PROBLEM DESCRIPTION:
Using the records below, quote only the span that opens with the line containing "Foto 12 Alugar" and closes with the line containing "Grace Inn Jimo Heshan Road JiaLeJia Branch", exactly and inclusively.

DATA RECORDS:

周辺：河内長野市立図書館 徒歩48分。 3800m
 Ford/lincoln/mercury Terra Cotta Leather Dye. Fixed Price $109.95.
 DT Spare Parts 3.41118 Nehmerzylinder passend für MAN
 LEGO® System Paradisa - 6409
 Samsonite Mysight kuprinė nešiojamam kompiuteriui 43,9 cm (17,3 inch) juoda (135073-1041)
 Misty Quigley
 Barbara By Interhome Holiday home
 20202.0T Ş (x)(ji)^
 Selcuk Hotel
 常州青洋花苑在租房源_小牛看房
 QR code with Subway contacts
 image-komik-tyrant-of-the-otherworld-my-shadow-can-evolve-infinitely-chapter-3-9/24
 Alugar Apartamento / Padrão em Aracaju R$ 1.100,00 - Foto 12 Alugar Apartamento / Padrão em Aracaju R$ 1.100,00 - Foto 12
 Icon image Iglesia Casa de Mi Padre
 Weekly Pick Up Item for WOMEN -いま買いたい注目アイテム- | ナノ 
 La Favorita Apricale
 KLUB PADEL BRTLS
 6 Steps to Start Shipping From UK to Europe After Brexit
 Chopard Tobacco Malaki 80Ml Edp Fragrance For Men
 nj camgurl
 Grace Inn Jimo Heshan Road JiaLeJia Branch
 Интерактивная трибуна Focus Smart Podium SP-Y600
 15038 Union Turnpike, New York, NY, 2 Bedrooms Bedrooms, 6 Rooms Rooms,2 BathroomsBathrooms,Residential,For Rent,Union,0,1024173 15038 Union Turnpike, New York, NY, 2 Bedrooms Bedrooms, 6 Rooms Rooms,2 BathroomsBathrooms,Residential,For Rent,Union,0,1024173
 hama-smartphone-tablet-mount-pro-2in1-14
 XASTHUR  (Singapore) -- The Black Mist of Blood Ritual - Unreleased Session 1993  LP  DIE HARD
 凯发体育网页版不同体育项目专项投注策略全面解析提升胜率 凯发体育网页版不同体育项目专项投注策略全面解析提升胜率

REPLY TO THE TASK:
 Alugar Apartamento / Padrão em Aracaju R$ 1.100,00 - Foto 12 Alugar Apartamento / Padrão em Aracaju R$ 1.100,00 - Foto 12
 Icon image Iglesia Casa de Mi Padre
 Weekly Pick Up Item for WOMEN -いま買いたい注目アイテム- | ナノ 
 La Favorita Apricale
 KLUB PADEL BRTLS
 6 Steps to Start Shipping From UK to Europe After Brexit
 Chopard Tobacco Malaki 80Ml Edp Fragrance For Men
 nj camgurl
 Grace Inn Jimo Heshan Road JiaLeJia Branch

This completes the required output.